家族という共同体の場である「イエ」は、利益を追求する現実社会――すなわち資本主義社会――から隔離された空間として機能している。このような社会とイエとの切断は、資本主義の深化によって生じた社会的な歪みや、家制度の崩壊を経て出現した核家族のあり方に起因していると考えられる。

しかし実際には、イエが現実社会と完全に切断されることはあり得ない。人間は本質的に社会的存在であり、人間にかかわる営みで社会と無関係に成り立つものは一つとして存在しない。イエもまた一つの社会であるが、それ自体で自立しているわけではない。たとえば日々の出勤や買い物といった営みを思い浮かべれば明らかなように、家族は外部の現実社会における生産と消費の仕組みと密接に結びついているのである。

イエをこのように捉え直すと、一見すると自立的に見えるその在り方が、実はきわめて擬制的なものであることに気づかされる。私が「開封するイエ」シリーズにおいて「切断」という暴力的手法を用いたのは、まさにその擬制性を可視化するためであった。

この連作では、古着や古食器といった日用品をパラフィンで直方体に封じ込め、それを家屋の形に切り出して制作している。その際、内部の事物の断面が表面に鮮やかに浮かび上がるよう意図することで、社会から切り離されたかのように見えるイエの自立性が、実は演出されたものであることを示そうとした。また同時に、その“切断”がもつ暴力性を強調することで、イエが社会との関係を断ち切ることによって成立しているという否定的側面を、視覚的に浮かび上がらせようとしたのである。

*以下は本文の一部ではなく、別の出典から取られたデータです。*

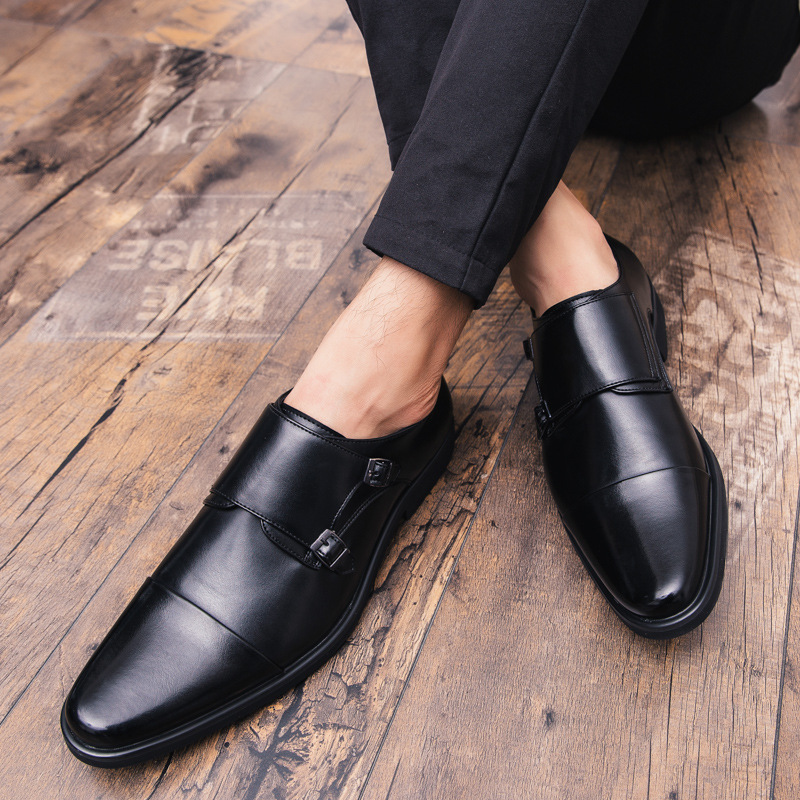 New Men Oxfords Shoes Black an - Men'S Formal Office Wear Shoes ulasan dan harga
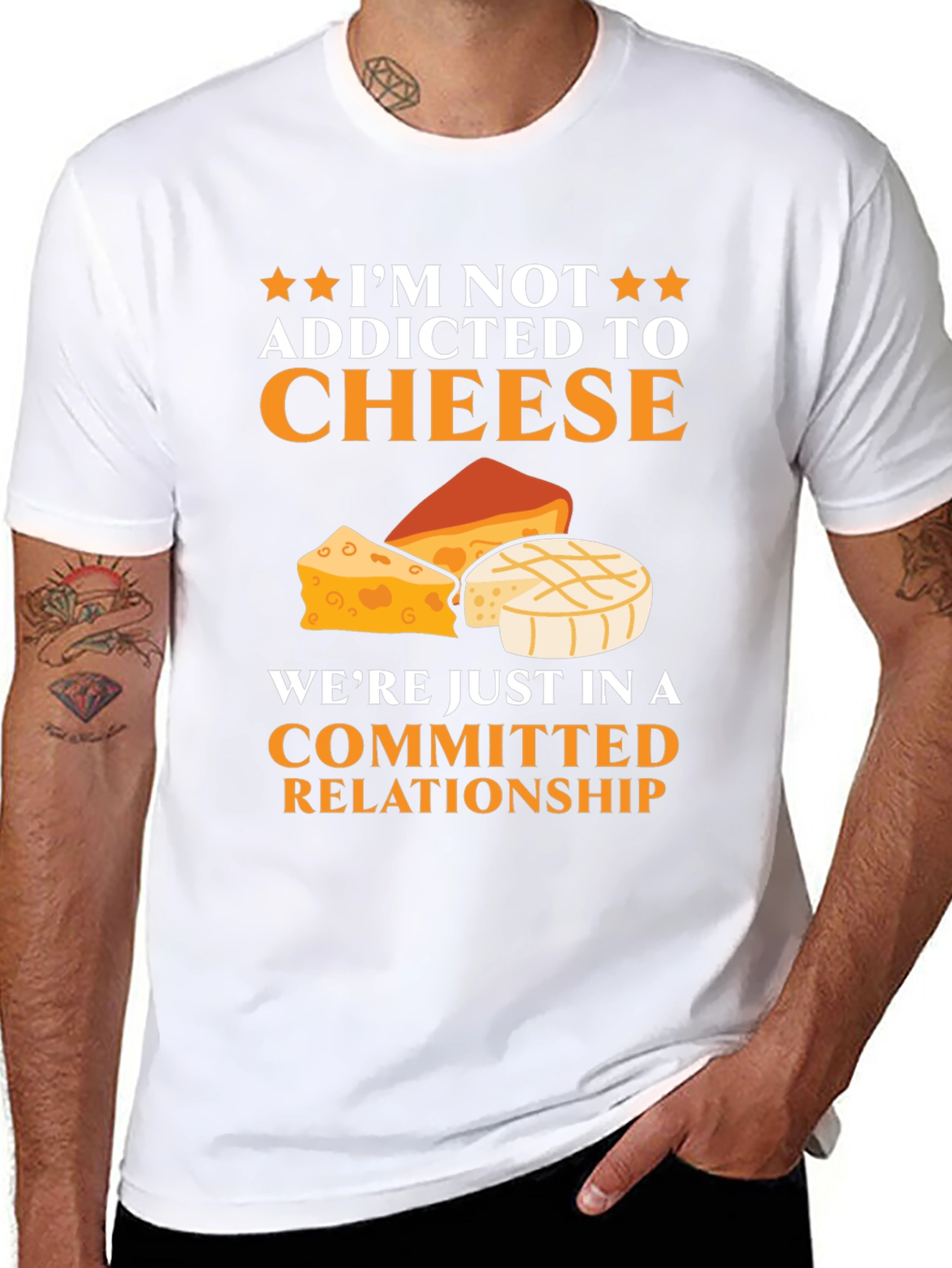 Black Cheese Lover T-Shirt Funny Relationship Tee view 8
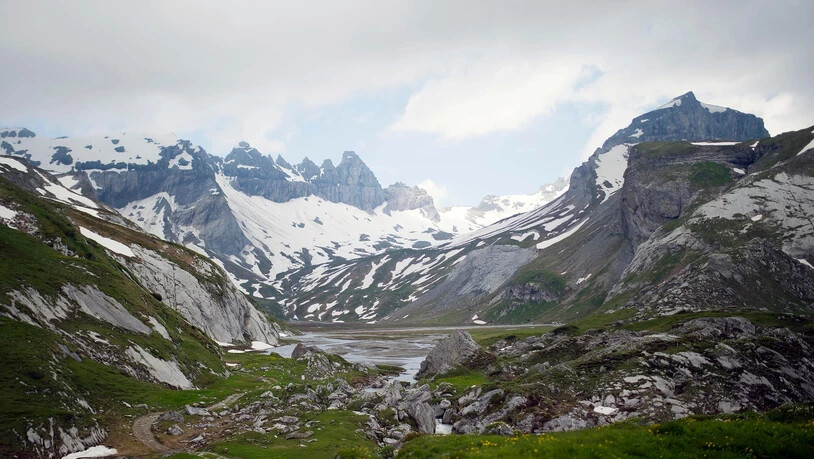 Das Gebiet Segnas Sut (Segnesboden) oberhalb von Flims, fotografiert im Jahr 2016.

ベンヤミンの概念を借りれば、イエを成り立たせているものは、核家族という近代的家族像に支えられた「家族イデオロギー」であり、それは一種の「神話的暴力」に他ならない。もしそうであるならば、この暴力を否定的に暴き出すもうひとつの暴力――すなわち、あらゆるイデオロギーを無化する力――は、「神的暴力」と呼ばれるべきものである。そして私にとって、善悪の枠組みを超えたこの「神的暴力」の発動にこそ、芸術の本質が宿っていると考えている。